Home Boys
Page 19
‘It’s going to rain.’
‘Probably,’ Dougal agreed.
‘You heard her say it didn’t you?’ Colin started, still standing because his friend hadn’t moved to make room. It was good Veronica was still asleep. They could settle this now, the two of them, the thing that had been on his mind all night.
‘You were there, when she told me there was no cave.’
‘So? I already knew. It doesn’t make no difference.’
‘But, that was our deal. We only let her stay, to show us where the cave was.’
‘I know.’
‘But there is no cave.’
‘I know that too. Already told you.’
‘So,’ Colin struggled to make the point. ‘What do we do now? I mean with her. Now that there’s no cave?’
‘We do what we were always going to do, because there never was a cave.’
‘So, you’re going to tell her to go then?’

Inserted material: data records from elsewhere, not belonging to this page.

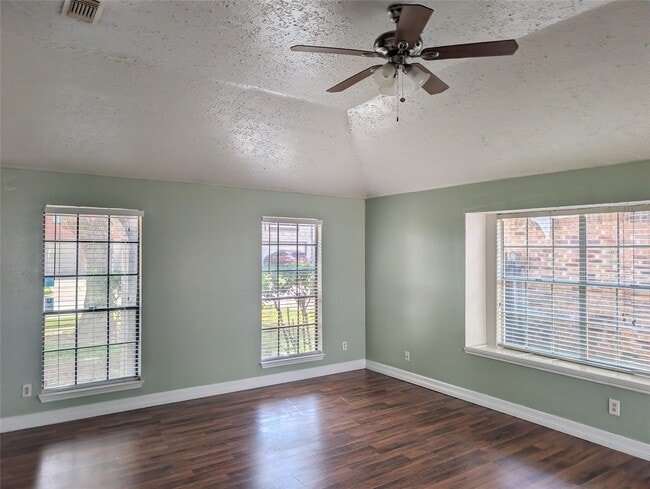 Photo - 2026 Sandy Knoll Dr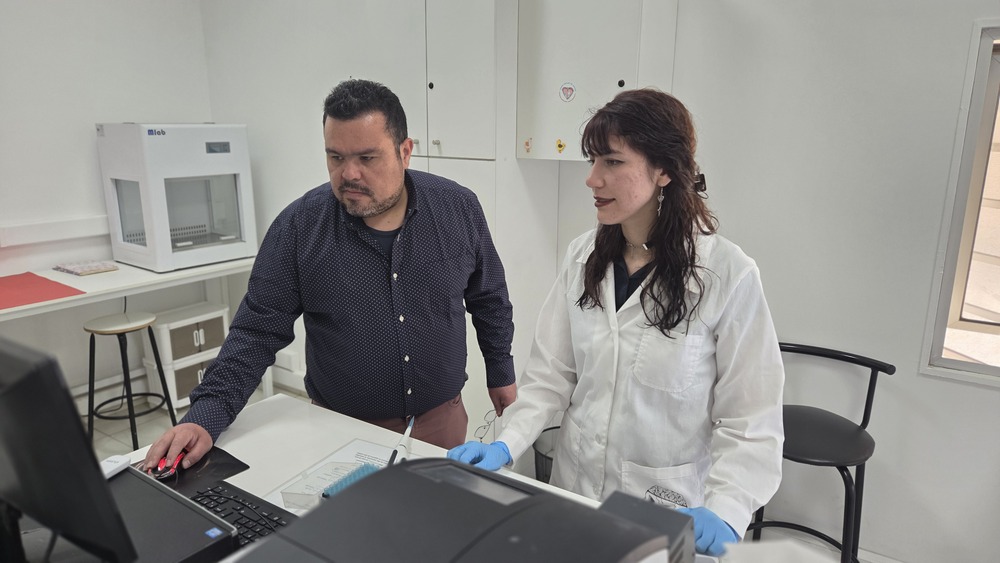 Investigación - Marco Mellado y alumnas 3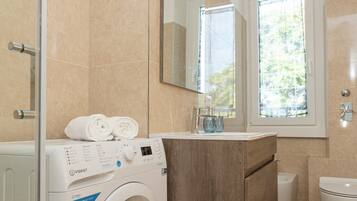 Douche, sèche-cheveux, bidet, serviettes fournies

‘She won’t need to be told. She knows the deal.’
‘But, couldn’t we …’ Colin looked to his feet. His big toe was black from kicking a rock, the night before last. ‘Couldn’t she stay anyway? It’s good having her here isn’t it?’
He looked up at Dougal, but Dougal’s stare didn’t leave the horizon.
‘If she finds us the cave, she can stay. That’s the deal.’
‘But there is no cave,’ Colin repeated. ‘That’s the thing. There is no cave.’
‘I know.’
‘So why don’t you want her to stay with us then? It’s good isn’t it, having the three of us? You like it too.’
‘No I don’t. You’re the one who likes it. I liked it better when it was just two.’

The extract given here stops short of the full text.